The validity of the DH-ENRICA has been assessed against seven 24-h recalls over 1 year. Energy-adjusted Pearson’s correlation coefficients ranged between 0·27 and 0·71 across food groups and nutrients; a moderate correlation was found for legume intake (r 0·35), which is in line with most of the instruments for measuring self-reported diet in population studies(Reference Yuan, Spiegelman and Rimm18). Regarding the reliability of this diet history, the intraclass correlation coefficient between two DH-ENRICA assessments was >0·40 for most foods and nutrients(Reference Guallar-Castillon, Sagardui-Villamor and Balboa-Castillo17).
Unhealthy ageing was assessed with a health deficit accumulation index (DAI) that includes fifty-two items representing deficits in the following four domains: physical and cognitive function (twenty-two items), self-reported health and vitality (seven items), mental health (six items) and morbidities and use of health services (seventeen items). Most deficits in the DAI were assessed dichotomously (0 points for no deficit and 1 point for any degree of the deficit), except for cognitive function, self-rated health, vitality, mental health, BMI and use of outpatient health care, which were scored according to severity (0 points for no deficit, 0·25 to 0·75 points for mild-to-moderate deficit and 1 point for severe deficit). The overall DAI score was calculated as the total sum of points assigned to each health deficit divided by the number of deficits considered, and further multiplied by 100 to obtain a range from 0 to 100; a higher score indicates worse health. A detailed description of this index has been reported previously(Reference Rodríguez-Sánchez, García-Esquinas and Mesas19,Reference García-Esquinas, Ortolá and Prina20) .

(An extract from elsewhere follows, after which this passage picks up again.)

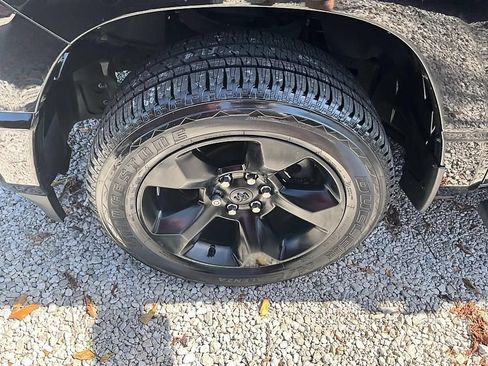 Used 2019 RAM 1500 Big Horn AWD/4WD image 10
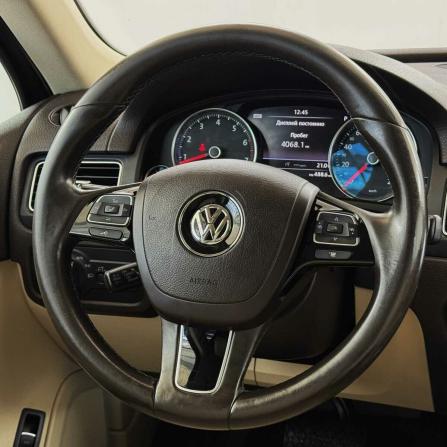 Volkswagen Touareg II с пробегом 2011 года, цена 1 545 000 рублей, 227772 км, внедорожник, Автокод Объявления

Other variables were measured and considered as potential confounders. Specifically, participants reported their sex, age, highest level of education achieved (primary education or less, secondary school and university), population centre size (categorised as <10 000; 10 000–100 000; 100 000–500 000; >500 000 inhabitants, according to the size of the population centre where they live), smoking status (current smoker, never smoker and former smoker) and alcohol drinking (g/d). The fourteen-item Mediterranean Diet Adherence Screener was used to assess adherence to the Mediterranean diet. This tool comprises twelve questions on food consumption frequency and two additional questions on food intake habits characteristic of the Mediterranean diet(Reference Martinez-Gonzalez, Corella and Salas-Salvadó21,Reference Schröder, Fitó and Estruch22) . The item on consumption of legumes was excluded from the Mediterranean Diet Adherence Screener calculation, so that the score ranged between 0 and 13, with higher scores indicating higher adherence to the Mediterranean diet. Sedentary behaviour was estimated by the reported time (h/week) spent watching television, which has been shown to be a good proxy for sedentarism(Reference Hsieh, Hilgenkamp and Murthy23). Weight and height were measured in standardised conditions, and the BMI was calculated as weight (kg) divided by squared height (m).
Statistical analysis
At baseline, a total of 11 991 subjects comprised a representative sample of the non-institutionalised Spanish population aged 18 years and older(Reference Rodriguez-Artalejo, Graciani and Guallar-Castillon16). Then the Seniors-ENRICA cohort, composed by those older than 60 years (n 3518), was followed up in subsequent waves. Participants with energy intake values outside the range of 3347–20 920 kJ/d for men (n 103) and 2092–16 736 kJ/d for women (n 122), as well as those without data on legumes consumption (n 8), were excluded from the analysis. From these 3285 subjects older than 60 years which were interviewed at baseline, a total of 2505 participated in some of the follow-up waves and comprised the sample considered for analysis in the present research. For the regression models described below and considering different lengths of follow-up, the number of participants varied, depending on the participation in the ENRICA phases conducted in 2013, 2015 and 2017. Thus, the number of participants considered in the follow-up periods was 2435 in the 3-year follow-up period, 1775 in the 5-year follow-up period and 1105 in the largest follow-up period, corresponding to 7 years.
We assessed differences in socio-demographic variables between the 780 subjects who participated only at baseline and those 2505 participating in at least one of the follow-up waves; mean age was higher in those interviewed only at baseline (70·4 v. 68·7 years; P < 0·001) and educational level was lower (33·1 v. 45·5 % had at least secondary education; P < 0·001). No significant differences were observed by sex or population centre size.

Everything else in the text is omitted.